Theft and vandalism are always concerns. If you have a job you will be away from your camp site for a part of the day. Do you take down your tent daily, hide it or take it with you. then set it up again when ready to sleep? What a pain. Maybe take the tent down then hide it near the campsite then reassemble later. Won’t that be fun when its freezing cold or raining or snowing or whatever.
There is a post about using tarps as a tent/shelter elsewhere in this blog. This post mentions a unique tent that may have advantages over a traditional tent along with the disadvantages have having a penthouse tent. Some are obvious… you need trees!!!
“A 100% waterproof rainfly clips directly to the ratchets, and its distinct lateral wing cut keeps gear and ground dry below.” When the wind blows that rain I doubt the rainfly thing will keep the ground dry.
There is data at the Web site. The $520 price could deter some to many folks. If that price is paid you will likely take great care to keep it from being stolen. Since two to three adults can sleep in it perhaps a duo or trio could arrange things so that somebody was always present to guard the thing.

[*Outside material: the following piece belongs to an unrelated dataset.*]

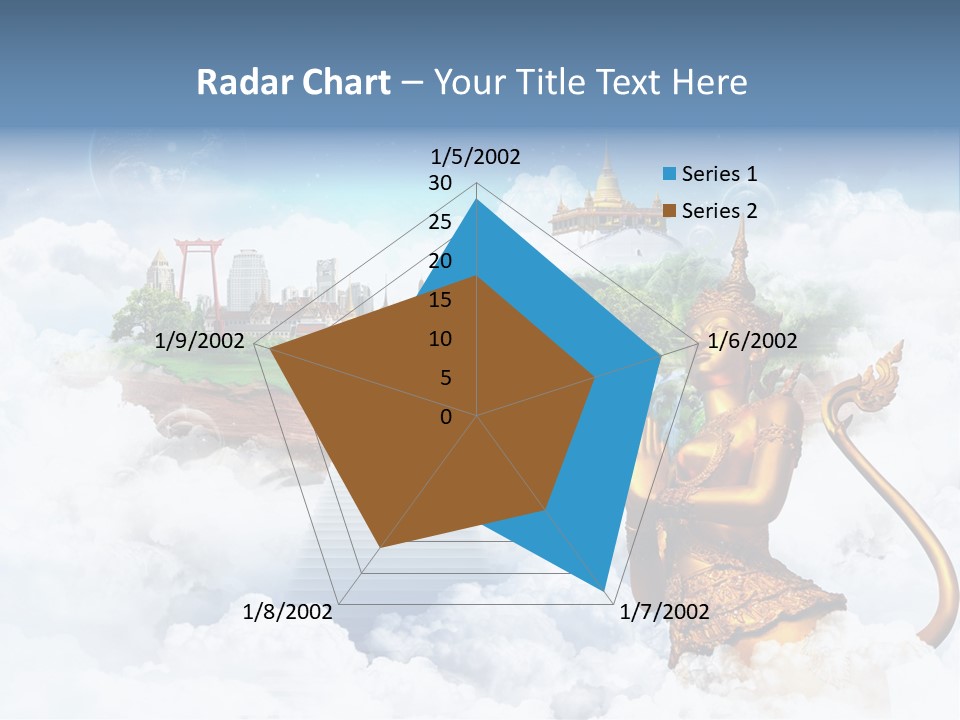 S Young Fashion PowerPoint Template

There are three videos at the firm’s Web site (link above) with one titled: “BALANCING AND EQUALISING.” Watch it. Appears it could be a pain in the butt installing the thing in a way that makes the tent usable. I am now convinced that this tent-type should only be used in a semi-permanent to permanent location. Being above the bugs and snakes and skunks and roving mutts (some are mean) is a plus. Always ensure you are not in a flood zone. That is common sense and basic self-preservation. However, a hard enough rain can cause puddling that can invade a ground-based tent. Though not a danger to life it can be a royal pain having your stuff, and you, getting soaked. Being up in the air avoids that.
Here is a video from YouTube reviewing this tent:
This tent was tossed out for all to see so that you fine folks will know that it exists. Ample limitations and drawbacks but the positives present may make it the best option for your needs.